Immunotherapy is a form of treatment that utilizes particular components and characteristics of a patient’s immune system to treat diseases, including cancer. The human immune system is a group of specialized cells, organs, and substances that protect the body from harmful or foreign organisms and substances. In the last several decades, researchers have found the immune system can be manipulated in certain ways for the purpose of treating disease. There are several mechanisms used to accomplish this. Medications can stimulate the individual’s immune system to work harder and smarter to find and attack cancerous cells more effectively. Some immunotherapy medications actually train the patient’s immune system to detect and attack specific cancer cells. Other immunotherapy medications augment the immune system with man-made versions of immune substances. While immunotherapy has shown to be useful and effective for the treatment of some cancers, it does come with its own set of side effects that should be considered.
Nausea And Vomiting
A common side effect of immunotherapy is nausea and vomiting. Nausea is a sensation best described as feeling sick to the stomach, and it may or may not result in actual vomiting. Nausea and vomiting occur when certain nerves in the stomach, esophagus, or intestines become irritated and trigger a related part of the brain.

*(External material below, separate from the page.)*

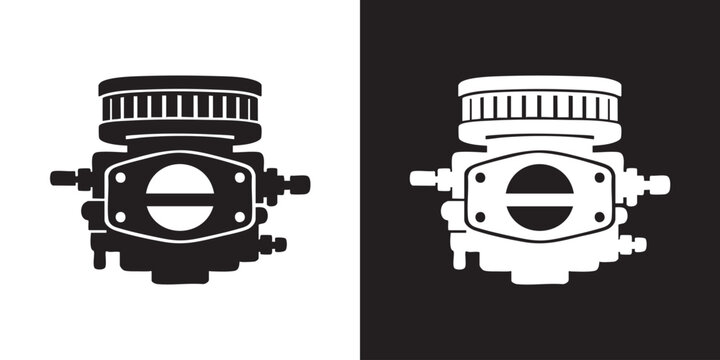 Black and White Carburetor Silhouette Icon - Automotive Engine Part Vector, Minimalist Vehicle Fuel System Symbol, and Simple Auto Repair Mechanic Graphic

When nausea and vomiting occur minutes to several hours following treatment and resolve within twenty-four hours, it is called acute nausea and vomiting. When this side effect occurs over twenty-four hours following treatment and lasts for six to seven days, it is called delayed nausea and vomiting. When a patient undergoes the first few treatments of immunotherapy and expects to be sick, they can experience treatment anxiety. This anxiety usually occurs before treatment sessions and may result in anticipatory nausea and vomiting. In some cases, a patient may experience nausea and vomiting due to the waste products produced by the effects of the treatment on the cancer cells themselves. Medications are available to help alleviate nausea and vomiting a patient may experience as a result of immunotherapy.